Cross section line in map view, above a geology polygon layer with boreholes

Figure 1. Cross section line in map view, above a geology polygon layer with boreholes.

 

THE CONCEPT

A key concept employed within this extension is that of “linear referencing”, a concept likely to be unfamiliar to most GIS users who have a geology backgrounde, as it was primarily designed to manage transportation systems. There are two intrinsic components to linear referencing. The first is a “route”, that is, a line feature that has been “measured” so that every vertex stores not only the X and Y attributes of its position but also a value, M, related to its distance from the starting point of the line. The second component is a table of point or line “events” that occur along that route. In a transportation-based GIS, a table of point events might represent the locations of bus stops along a bus route, and a table of line events might represent sections of a road network that are under construction. When the table of events is referenced to the route, a new feature class is created without requiring the user to know or calculate the XY coordinates of the new features.

Linear referencing is used in the cross section extension, in three ways. First, the line of cross section on the map is assigned elevation values based on the underlying DEM and then converted into a route so that every vertex stores an X, Y, Z, and M attribute (Figure 2). Next, the extension builds a new line by setting the X value equal to the M and setting the Y value equal to the Z at every vertex (Figure 3). This step “flips” the cross section line on to its side so that it is represented in the vertical plane. The resulting surface profile is drawn so that the X coordinate at the starting point equals 0 and the X coordinate at the ending point equals the length of the line in the units of the map view. It is also a route retaining the M values from the previous step against which events can be referenced.

The cross section line after Z values have been interpolated from the DEM and after its conversion to a route The new surface profile route

Figure 2. The cross section line after Z values have been interpolated from the DEM and after its conversion to a route.

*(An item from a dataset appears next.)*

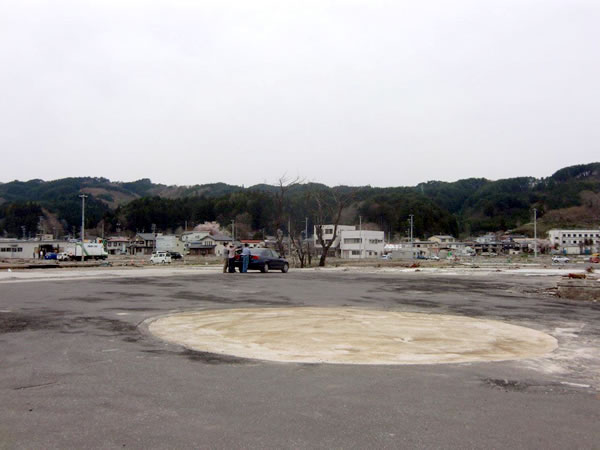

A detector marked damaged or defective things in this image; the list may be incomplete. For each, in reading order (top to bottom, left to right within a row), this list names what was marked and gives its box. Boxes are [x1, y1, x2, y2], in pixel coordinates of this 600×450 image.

cracked asphalt [1, 268, 600, 448]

Note the first, or starting, vertex has been selected.

Figure 3. The new surface profile route (with 10 times vertical exaggeration) made by setting X equal to M, Y equal to Z (x10), and keeping the M value from the step before.

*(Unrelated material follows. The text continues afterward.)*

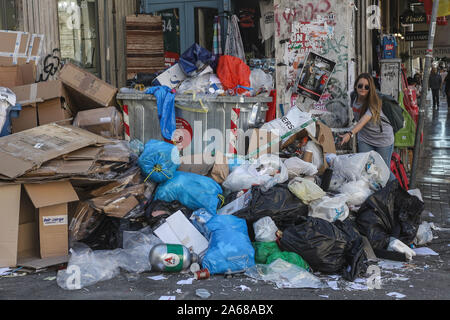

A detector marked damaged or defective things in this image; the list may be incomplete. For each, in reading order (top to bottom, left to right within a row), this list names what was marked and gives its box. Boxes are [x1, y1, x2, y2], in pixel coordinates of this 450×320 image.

torn cardboard flap [0, 123, 111, 179]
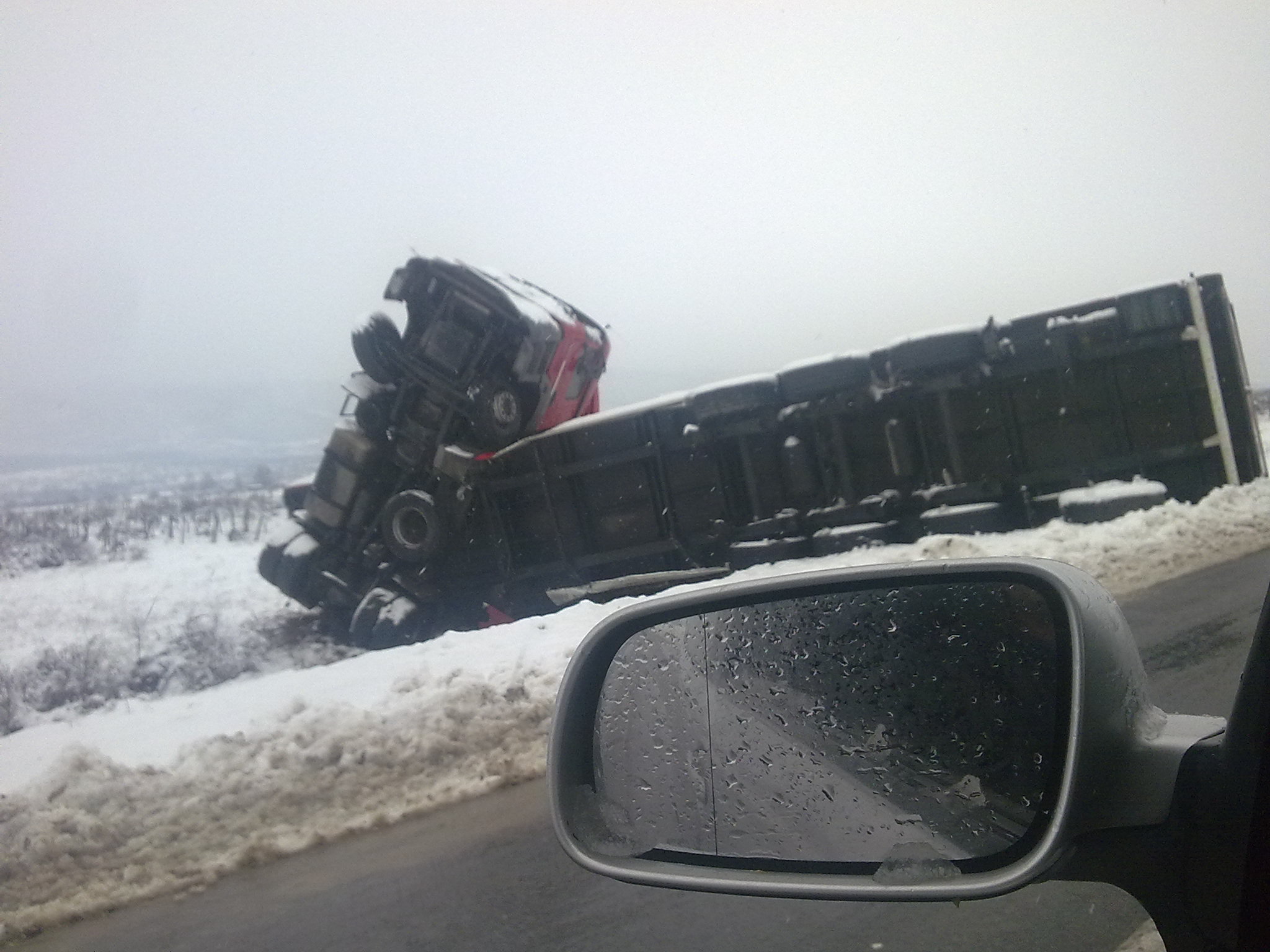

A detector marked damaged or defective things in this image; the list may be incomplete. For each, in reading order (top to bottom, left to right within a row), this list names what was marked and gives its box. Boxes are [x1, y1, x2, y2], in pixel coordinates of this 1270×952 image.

In this second step, linear referencing is used to build tables of line and point events that occur along the cross section route in map view. Line events represent the locations of the intersection between the line of cross section and the boundaries of polygons in an underlying polygon layer, which the geologist interprets as geologic contacts. Point events represent the nearest projected locations of points, either locations of structural measurements or boreholes, along the cross section route within a specified buffer distance. The resulting line events table carries all of the fields from the original polygon layer with the addition of three: a route key field, a from-M field, and a to-M field (Figure 4). The route key field carries a value equal to the user-chosen name of the cross section route so that the linear referencing engine can place the events along the correct route. The from-M and to-M fields carry values that specify the beginning and ending distances along the route of each event. Once the table has been generated from the map view, it is referenced to the surface profile route (Figure 3) in the cross section. The resulting feature class consists of a collection of contiguous lines, each of which represents the intersection of a geologic unit with the topographic surface (Figure 5). Lines can be symbolized by attribute, or with a short perpendicular tick at the end (or beginning) of each line to mark the unit contacts. Point events tables, similarly, retain all of the fields from the original layers as well as an additional route key and M field. Structural measurements are also run through a routine that converts the true dip into an apparent dip.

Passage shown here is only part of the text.